Task → From the data that follows, set down exactly the lines from the one with "千葉市動物公園に投稿された画像（2026/6/2）" through the one with "Seline Meisler — coming soon", counting both. Pictures stay out.

Entries supplied →
>>>
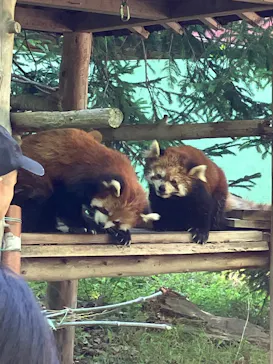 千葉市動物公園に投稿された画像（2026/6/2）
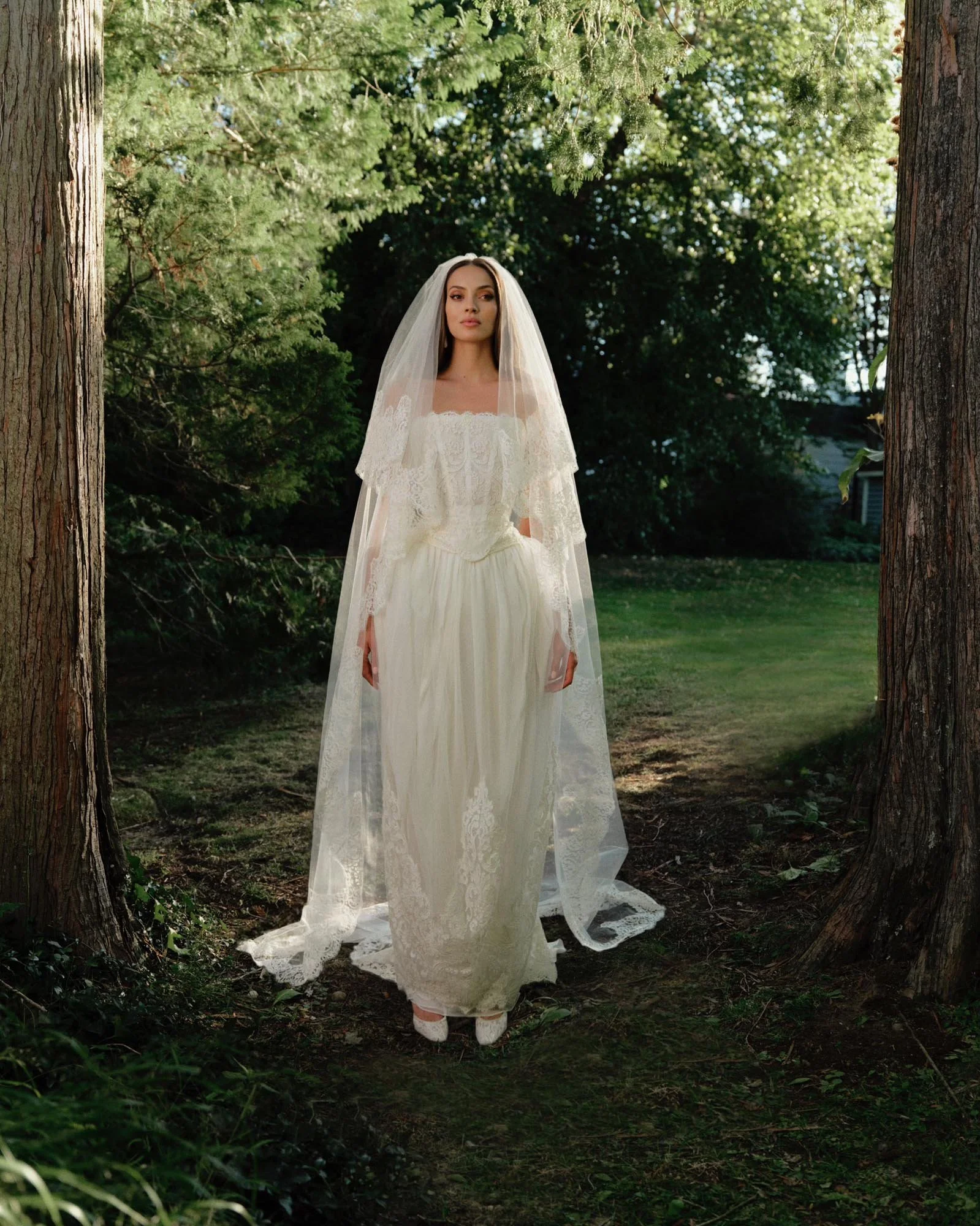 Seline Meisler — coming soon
<<<
>>>
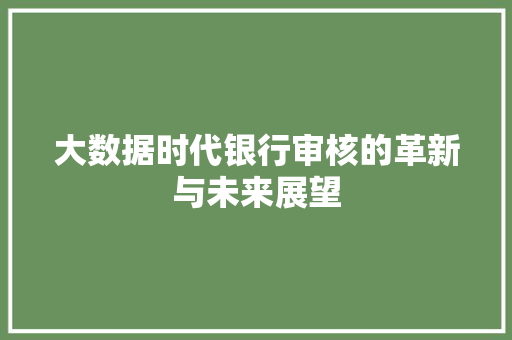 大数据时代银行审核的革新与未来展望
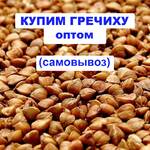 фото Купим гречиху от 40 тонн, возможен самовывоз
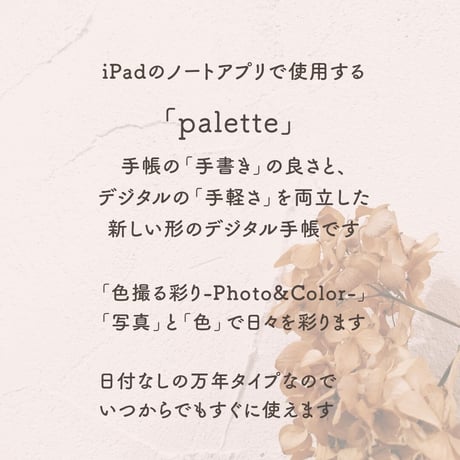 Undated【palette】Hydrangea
<<<
Written reply →
 千葉市動物公園に投稿された画像（2026/6/2）
 Seline Meisler — coming soon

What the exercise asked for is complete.